Il est grand temps de le prendre au sérieux, car c'est devenu un phénomène de masse incontournable et à la croissance ahurissante. Un chiffre m'a particulièrement interpellé : 31% de français lisent au moins un livre de développement personnel chaque année, alors qu'ils n'étaient que 17% en 2014... A ce rythme là, dans dix ans, une majorité de français s'infligera volontairement chaque année, un de ces ouvrages pourtant tous semblables, tous aussi creux, aussi vides, aussi lobotomisants. Le fait qu'on puisse y revenir est inquiétant pour les lecteurs, mais aussi pour la société dans son ensemble... Le développement personnel, ça n'est pas "une gentille alter psy ou alter religion du bien", c'est le plus puissant outil de soft power du néolibéralisme.

J'ai écouté (je les aurais bien lu, mais je me refuse à leur donner des droits d'auteur et j'aurais eu trop honte d'être fiché en bibliothèque comme les ayant emprunté et de toutes façons, quand on en a lu un, on les a tous lu, il suffit de les écouter pour entendre leurs idées "nouvelles") du Christophe André, du Frédéric Lenoir, du Mathieu Ricard et je me suis infligé la consternante lecture des "quatre accords toltèques" qui traînait dans une maison où je passais quelques congés...

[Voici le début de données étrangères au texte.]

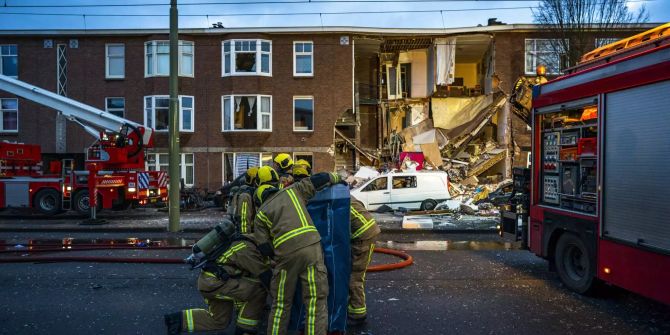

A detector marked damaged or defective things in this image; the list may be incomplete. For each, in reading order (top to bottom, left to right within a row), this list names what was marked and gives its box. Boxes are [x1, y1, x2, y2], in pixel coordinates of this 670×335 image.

broken window [223, 39, 270, 76]
broken window [528, 39, 568, 75]
broken window [222, 95, 272, 132]
damaged building facade [1, 23, 652, 192]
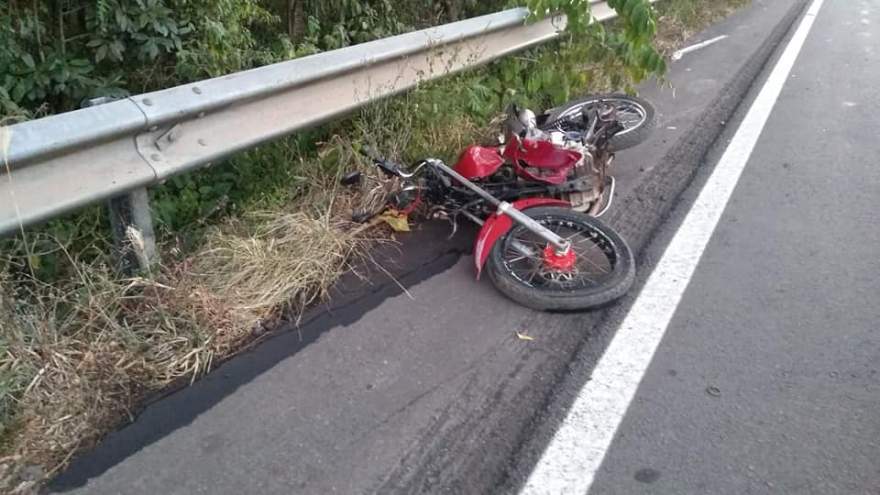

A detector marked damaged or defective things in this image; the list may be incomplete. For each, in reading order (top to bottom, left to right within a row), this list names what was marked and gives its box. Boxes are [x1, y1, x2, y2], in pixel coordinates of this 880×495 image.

detached motorcycle part [544, 94, 652, 152]
overturned motorcycle [344, 94, 652, 310]
detached motorcycle part [484, 207, 636, 312]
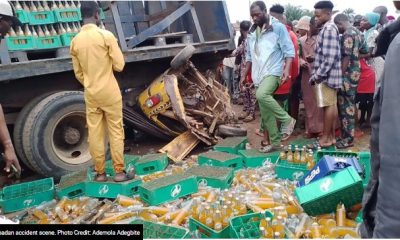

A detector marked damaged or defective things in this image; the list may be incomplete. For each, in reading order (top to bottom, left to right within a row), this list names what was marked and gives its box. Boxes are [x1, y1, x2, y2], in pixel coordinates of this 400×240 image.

crashed truck [0, 0, 244, 178]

Ca n'est pas aussi navrant que je le subodorais, c'est pire. Non seulement l'intelligence y brille par son absence à toutes les pages, mais le plus patent chez les promoteurs du développement personnel, c'est la gigantesque régression collective. Outre que le but ultime de tout ouvrage de développement personnel est on ne peut plus général et vague "chercher la paix, l'amour et le bonheur", tous ne reposent que sur la volonté des individus. "Le monde appartient à ceux qui le veulent vraiment". "Si vous êtes vraiment alignés et vous donnez à 100%, vous réussirez"... Sur Linkedin et dans les conférences Ted X, on entend beaucoup ce genre de brouet positifs sans être positivistes (pauvre Auguste Comte, que de navets on écrit, prononce, filme, streame, en ton nom...) inondent les réseaux... A rebours de l'histoire. Au moment où les inégalités de diverses natures explosent, l'urgence c'est de repenser le collectif. Inégalités de naissance, de fortune, de territoire, scolaire, toutes choses pour lesquelles, par essence, nous ne sommes pas responsables, sont tout bonnement éludées de l'équation du développement personnel.

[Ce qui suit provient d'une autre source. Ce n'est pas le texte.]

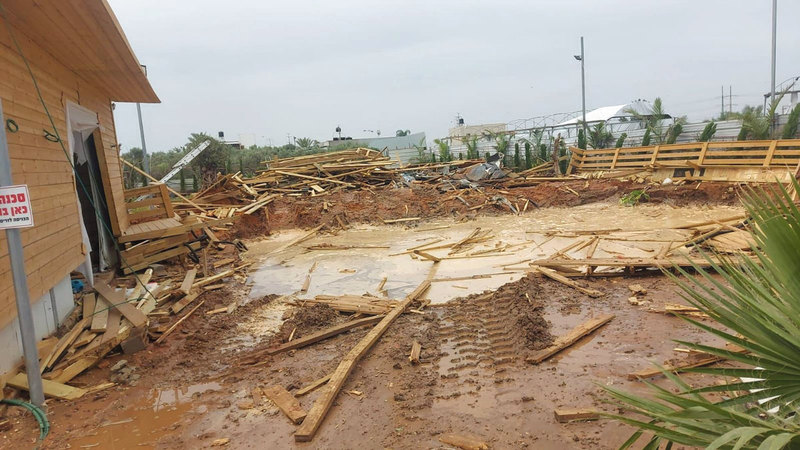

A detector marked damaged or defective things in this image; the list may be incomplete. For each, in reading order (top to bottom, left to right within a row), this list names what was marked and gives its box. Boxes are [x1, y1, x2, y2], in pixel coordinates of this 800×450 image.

broken plank [179, 268, 198, 298]
broken plank [524, 312, 612, 366]
broken plank [296, 280, 432, 442]
broken plank [8, 372, 85, 400]
broken plank [262, 386, 306, 426]
broken plank [294, 374, 332, 396]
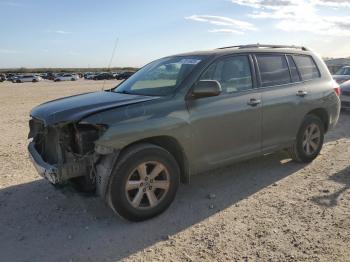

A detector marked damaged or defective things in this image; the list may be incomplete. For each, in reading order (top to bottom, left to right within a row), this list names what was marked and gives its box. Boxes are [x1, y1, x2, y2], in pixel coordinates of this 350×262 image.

wrecked hood [30, 91, 161, 126]
damaged toyota highlander [28, 45, 340, 221]
crumpled front bumper [28, 141, 93, 184]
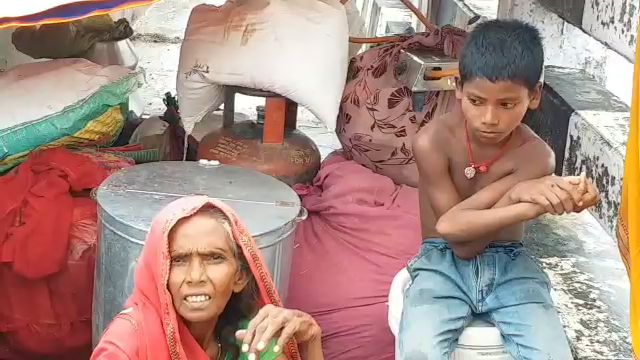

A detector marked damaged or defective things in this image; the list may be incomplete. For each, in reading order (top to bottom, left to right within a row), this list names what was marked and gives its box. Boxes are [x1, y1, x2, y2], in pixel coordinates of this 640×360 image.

rusty metal surface [198, 122, 320, 187]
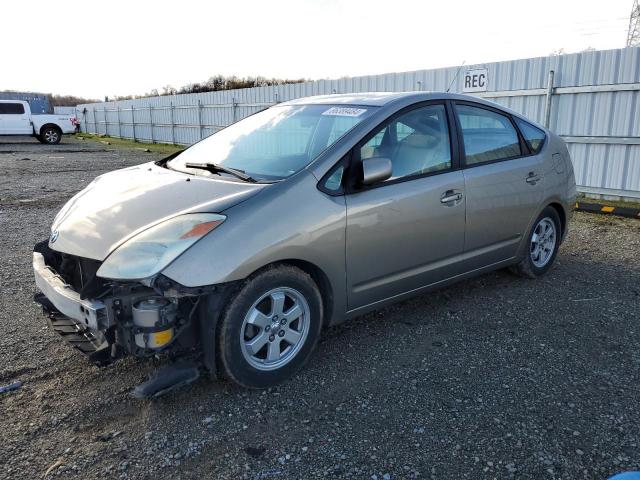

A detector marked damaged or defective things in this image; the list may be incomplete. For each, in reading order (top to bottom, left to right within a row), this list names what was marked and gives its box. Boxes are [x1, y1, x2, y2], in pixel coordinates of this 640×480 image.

broken front bumper [32, 251, 106, 334]
damaged silver toyota prius [32, 92, 576, 392]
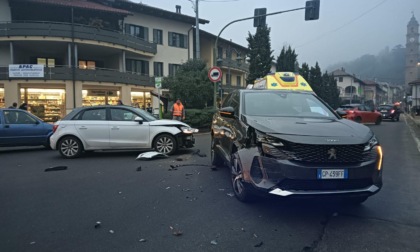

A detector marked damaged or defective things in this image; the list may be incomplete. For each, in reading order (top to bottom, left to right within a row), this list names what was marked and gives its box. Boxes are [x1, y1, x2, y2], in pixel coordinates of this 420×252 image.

damaged white car [49, 105, 199, 158]
damaged suv [212, 72, 382, 204]
crumpled hood [244, 115, 372, 144]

Comme l'avait parfaitement démontré Valérie Brunel dans "les managers de l'âme, le développement personnel en entreprise, nouvelle pratique du pouvoir" (La Découverte), nombre de dirigeants d'entreprises recourent au développement personnel pour faire passer la pilule de l'éternelle pression à la performance. Que chacun se concentre sur ses objectifs, vaguement ceux de son équipe, que personne n'émette d'opinion discrépante et tout ira bien. Car l'essence du développement personnel, c'est son absolu capacité à éviter les conflits et les critiques. On voit bien pourquoi cela attire des dirigeants de boîtes à actionnaires, désireux d'estomper toute revendication des salariés, des syndicats, de la base, des cadres, toute revendication quoi. Et donc peu à peu, cette même pensée s'est instillée en politique. On casse les clivages, on est bienveillants, on oeuvre pour le bonheur, quoi. Faut-il que nous soyons confondants de naïveté pour avaler des couleuvres pareilles...   

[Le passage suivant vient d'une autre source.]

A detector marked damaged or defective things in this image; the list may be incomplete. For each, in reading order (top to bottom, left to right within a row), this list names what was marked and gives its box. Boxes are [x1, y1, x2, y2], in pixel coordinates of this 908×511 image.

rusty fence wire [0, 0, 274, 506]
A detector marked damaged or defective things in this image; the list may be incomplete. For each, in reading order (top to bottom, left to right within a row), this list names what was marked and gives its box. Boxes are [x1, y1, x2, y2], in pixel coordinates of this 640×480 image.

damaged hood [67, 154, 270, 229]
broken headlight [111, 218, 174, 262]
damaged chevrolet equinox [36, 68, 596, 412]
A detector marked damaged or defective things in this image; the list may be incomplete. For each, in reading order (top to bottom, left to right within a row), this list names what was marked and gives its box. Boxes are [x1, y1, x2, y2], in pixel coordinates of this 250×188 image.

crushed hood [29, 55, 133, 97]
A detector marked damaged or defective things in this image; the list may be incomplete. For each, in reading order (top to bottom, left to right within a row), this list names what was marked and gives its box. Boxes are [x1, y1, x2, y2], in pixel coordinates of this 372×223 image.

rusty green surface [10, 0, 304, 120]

Et pourtant, donc, politiquement, ça marche. Les plus madrés des auteurs de développement personnel font mine d'en référer à Spinoza (pauvre Baruch...) mais au fond, on pourrait réunir toutes leurs pensées dans une seule citation de Margaret Thatcher : "La société n'existe pas". Elle ne connaissait que des individus et trouvait paresseux les explications sociologiques. Ça c'est du développement personnel. Chez l'entrepreneur de la Silicon Valley, comme chez Macron disant que l'on peut choisir de devenir "tout ou rien", chez Bolsonaro qui détruit "les inutiles études de sociologie", des zélotes du développement personnel.  

L'idéologie du développement personnel instille le nauséabond poison de l'individualisme forcené, du après moi le déluge... C'était bien la peine de mettre les religions à distance en 1905 pour se coltiner une secte new age qui a juste repimpé le slogan biblique "aide toi à être heureux et tu le seras"... Nous valons mieux que ça.